I've got the Rancho RS5000 shocks on the '94 with a Rancho 2.5" lift kit recently installed, which means new leaf springs. I'm not running timbrens in front and haven't noticed the need as yet, though that might change in time. Just visited a Canadian Jeep site and saw a posting where the writer was surprised that all the Yanks seem to be running timbrens on their Jeeps when plowing, so apparently there's some question about the need. As one Canadian said, "So we're talking a pair of rubber mallets with the handles cut off?"

Probably will depend on the plow to a certain degree. The Homesteader I'm pushing has a 21-inch board but weighs in at only about 250 lbs. in the 6'8" size. Seems like when I was doing my research that was about the lightest there was. Get a modest dip in front when lifting the plow, but nothing you wouldn't expect. I'm probably carrying less than 200 lbs. of ballast and I'm not sure I need that much. Tried adding more recently, but gained no traction or handling improvements from it and noticed a big drop in gas mileage, so I'm not sure how light I can go in back. Yeah, I've had to slam on the binders to avoid half-sleeping commuters during rush-hour, but the rear end never felt like it was going to lift at all, so I'm not real sure how much ballast to run or even why.

I'm told Western and Fisher are sister companies at this point, so if your dealer can get one he can most likely get the other, if you want him to.
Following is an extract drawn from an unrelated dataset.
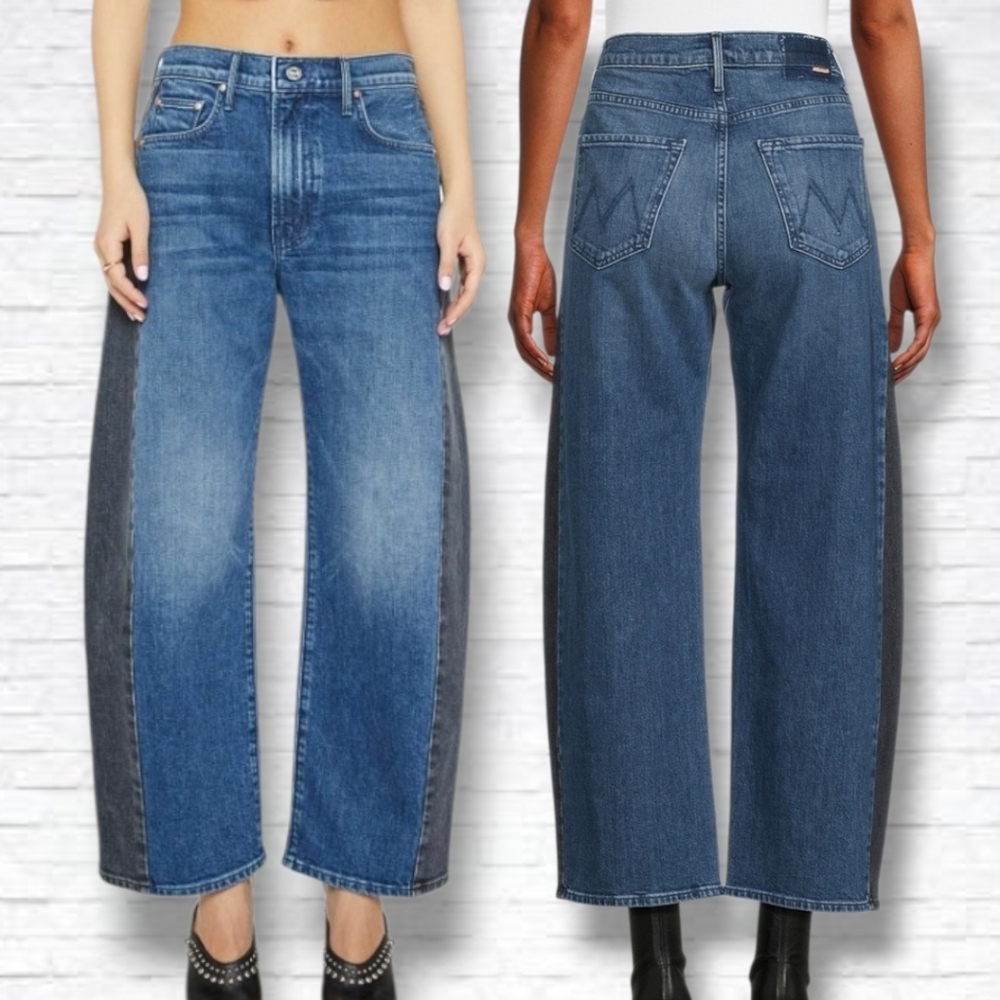 MOTHER Superior Lil Half-Pipe Flood Barrel Leg Jeans In Black & Blue Size 28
Only thing I haven't been happy with on the Homesteader is the amount of downforce I get from it, but the dealer finally told me where the adjustment is (on top of the downforce ram, turn clockwise to increase pressure), so I'm playing with that. My understanding is that you'll be looking at a custom mount for any of the companies you named, since none of them make a mount specifically for the YJ, and I'd be surprised if anyone would hang a Boss of any size on a Jeep.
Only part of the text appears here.